_TASK INSTRUCTIONS_
Could the entries below be reproduced exactly, with the images removed?

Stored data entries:
────
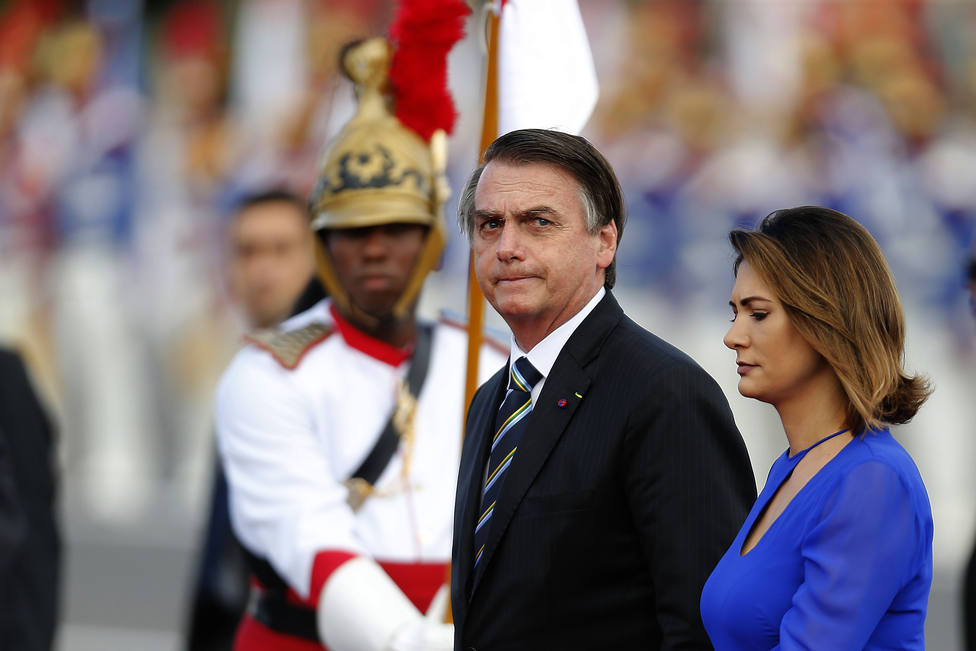 Aumenta el descontento de los brasileños con Bolsonaro, según un sondeo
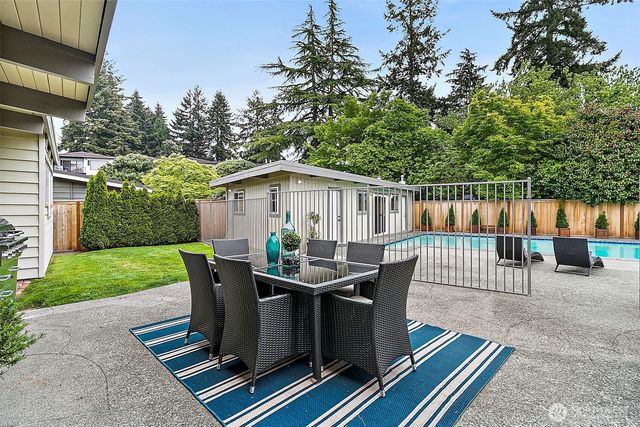 215 SW 178th Street, Normandy Park, WA 98166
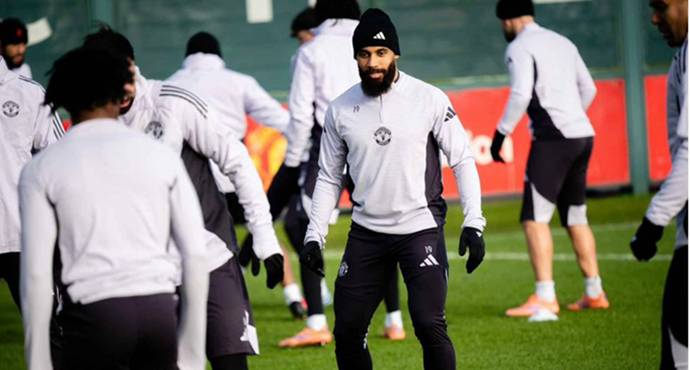 เดิมพัน 3 แต้ม❗ วูล์ฟฯ จะเซอร์ไพรส์ หรือแมนยูฯ จะโชว์ความเก๋า❓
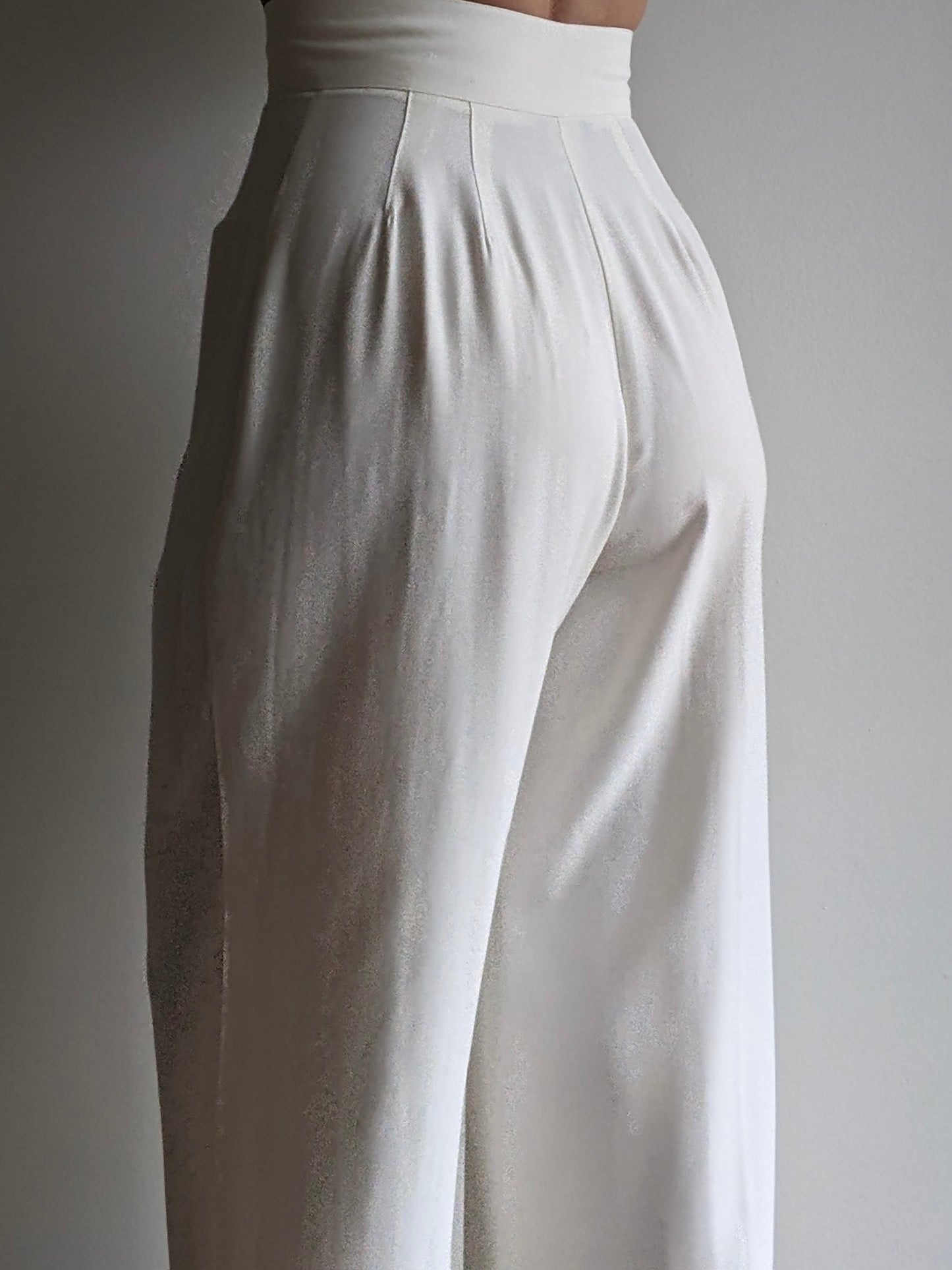 Beautiful Vintage Cream Wide-Leg Pants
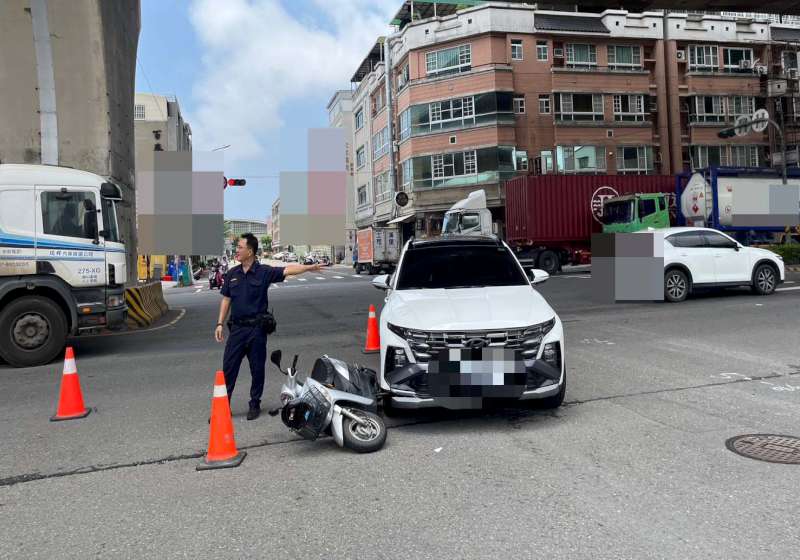 高市7旬翁駕車左轉不慎撞女機車騎士多處擦挫傷 鳳山警籲路口優先禮讓直行車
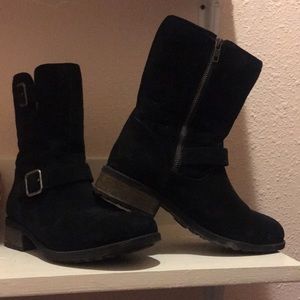 Ugg moto boots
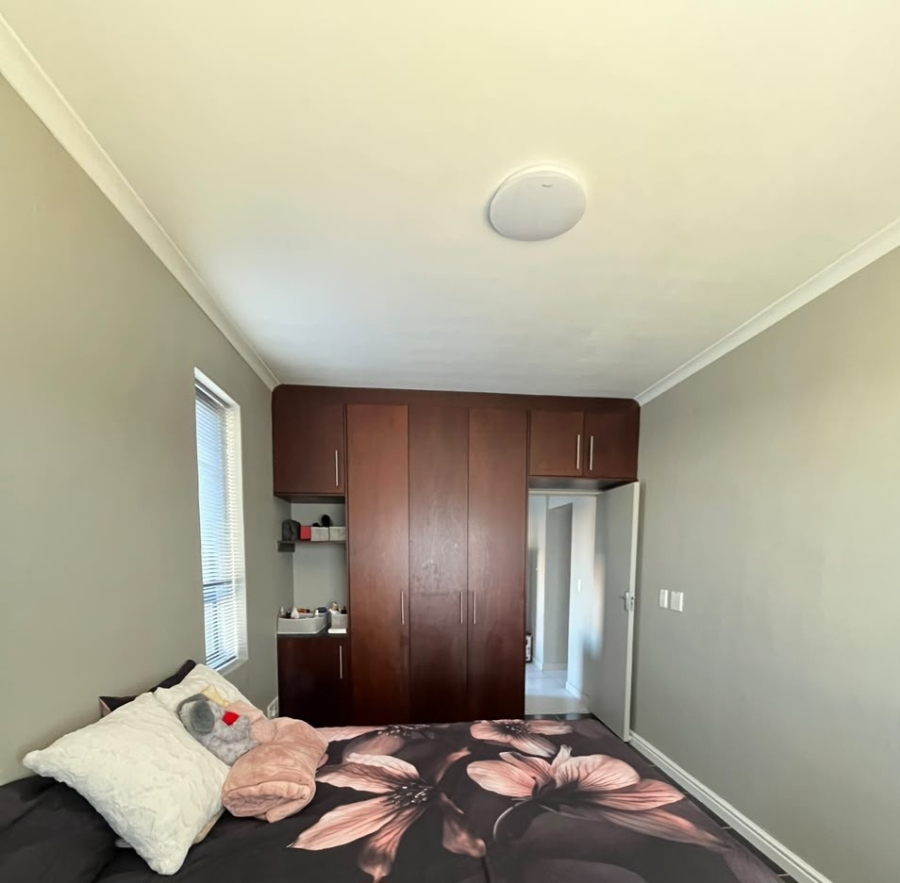 To Let 1 Bedroom Property for Rent in Walmer Estate Western Cape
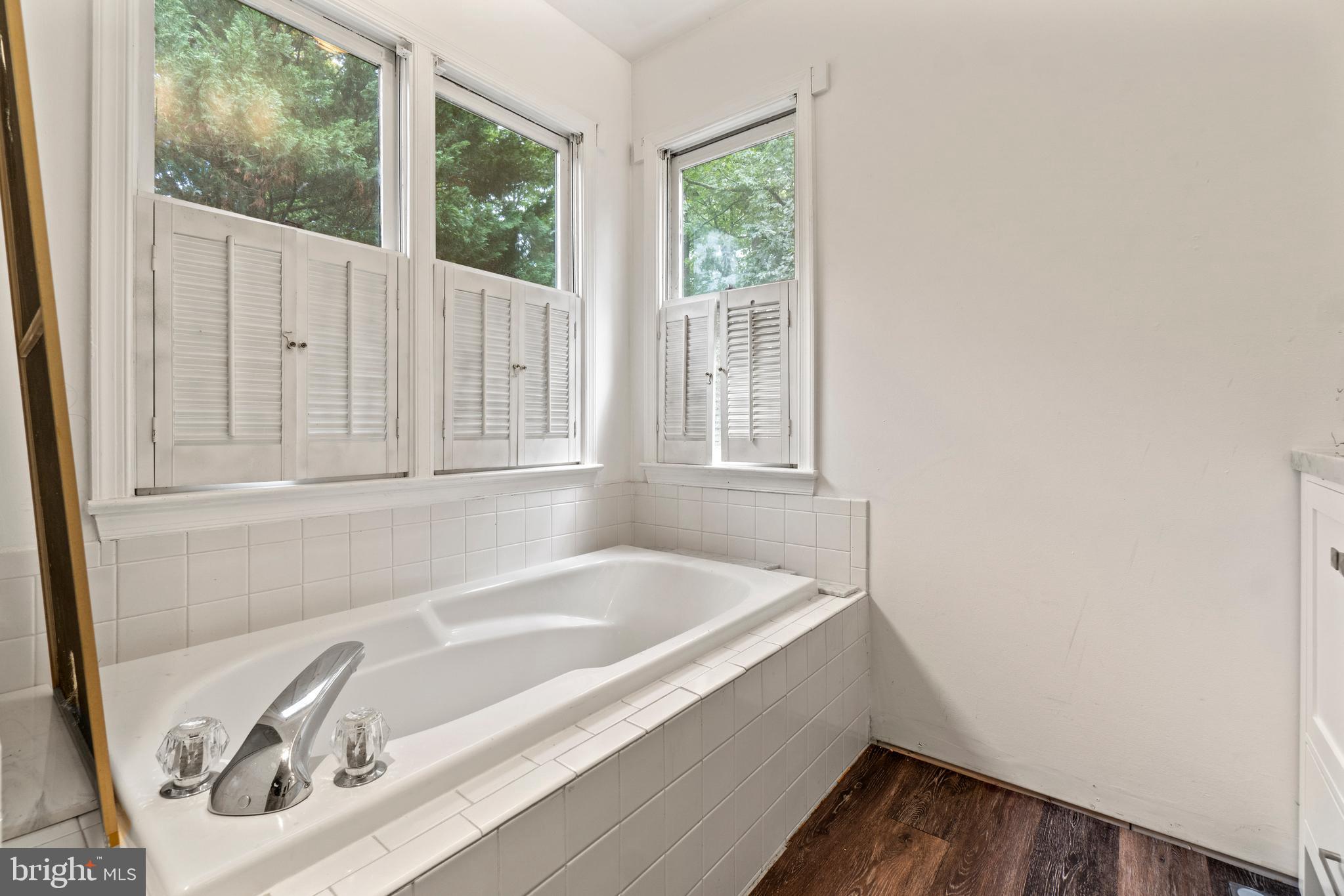 1005 John Paul Jones Dr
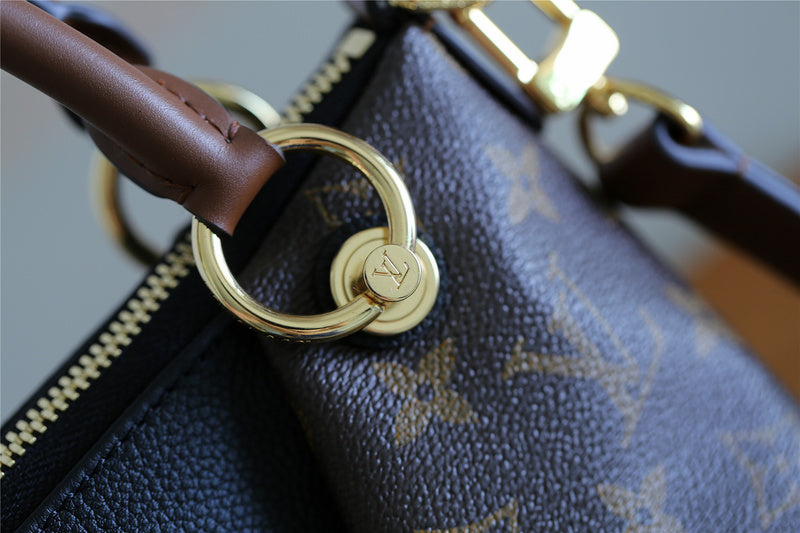 I W Fashion Lu-Vi bags - 8010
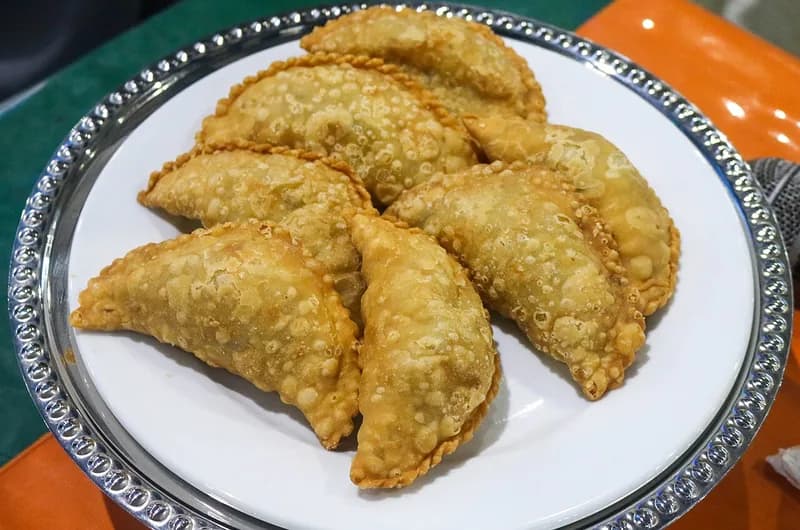 Sepiring jalangkote khas Makassar berbentuk setengah lingkaran dengan kulit goreng renyah berbintik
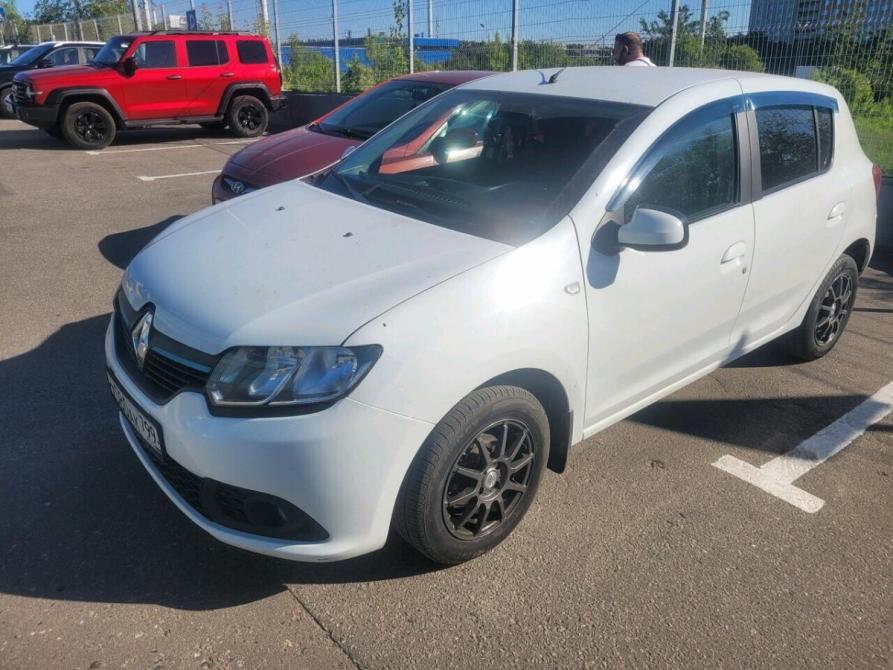 Renault Sandero II Москва  - изображение 3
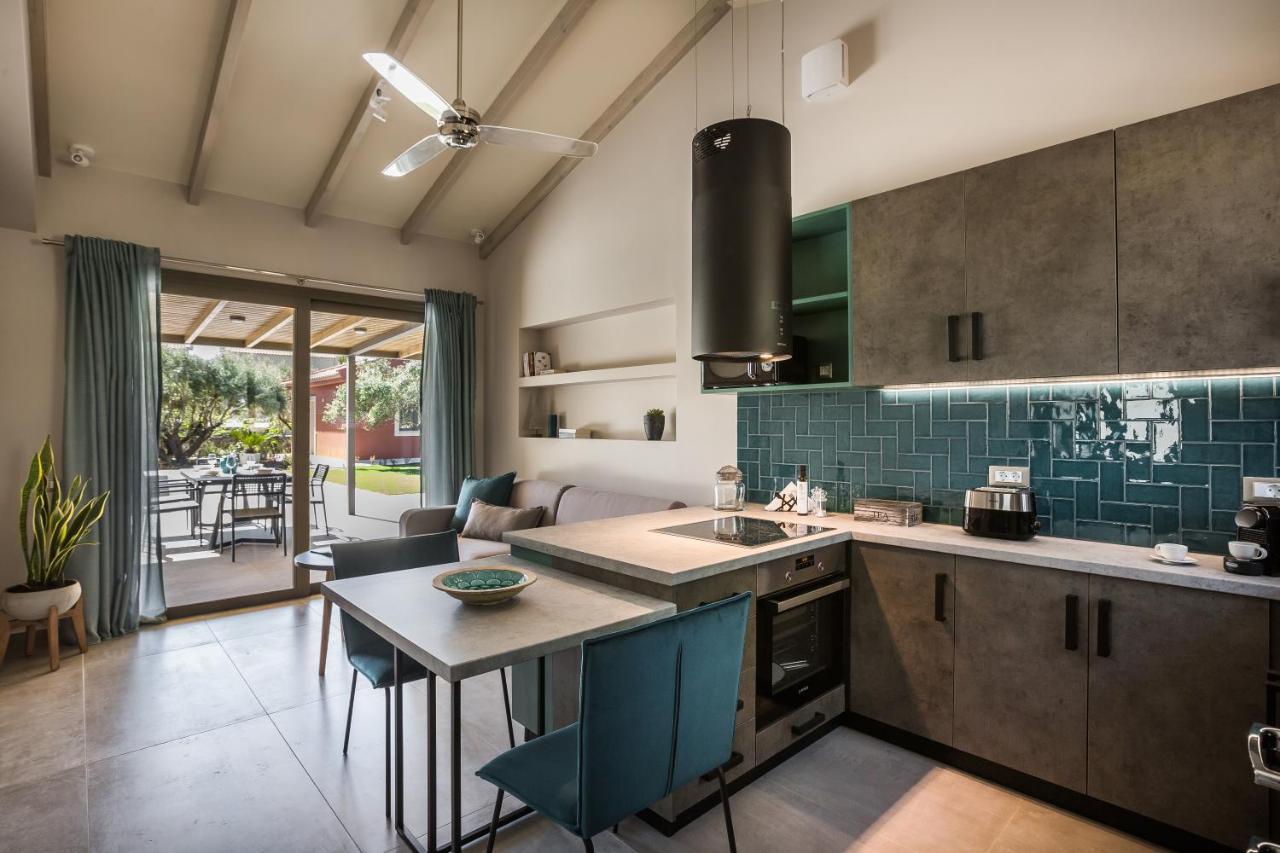 סבורונטה Villa Laoura מראה חיצוני תמונה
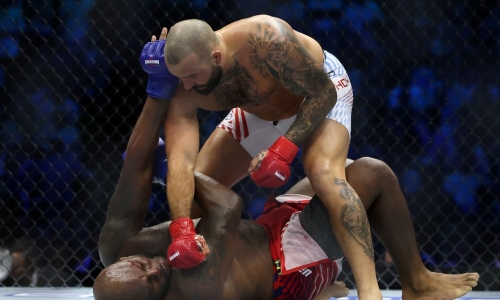 Джош Хокит нокаутировал Деррика Льюиса на турнире UFC327 в США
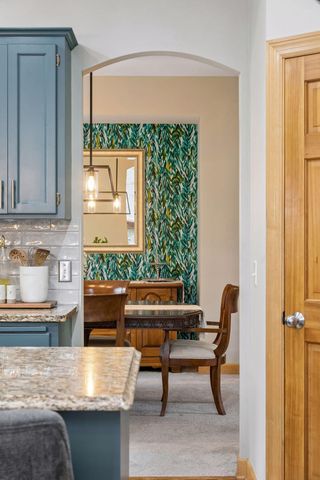 8053 Enclave Bay, Woodbury, MN 55125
────
_OUTPUT FOR THIS EXERCISE_
 Aumenta el descontento de los brasileños con Bolsonaro, según un sondeo
 215 SW 178th Street, Normandy Park, WA 98166
 เดิมพัน 3 แต้ม❗ วูล์ฟฯ จะเซอร์ไพรส์ หรือแมนยูฯ จะโชว์ความเก๋า❓
 Beautiful Vintage Cream Wide-Leg Pants
 高市7旬翁駕車左轉不慎撞女機車騎士多處擦挫傷 鳳山警籲路口優先禮讓直行車
 Ugg moto boots
 To Let 1 Bedroom Property for Rent in Walmer Estate Western Cape
 1005 John Paul Jones Dr
 I W Fashion Lu-Vi bags - 8010
 Sepiring jalangkote khas Makassar berbentuk setengah lingkaran dengan kulit goreng renyah berbintik
 Renault Sandero II Москва  - изображение 3
 סבורונטה Villa Laoura מראה חיצוני תמונה
 Джош Хокит нокаутировал Деррика Льюиса на турнире UFC327 в США
 8053 Enclave Bay, Woodbury, MN 55125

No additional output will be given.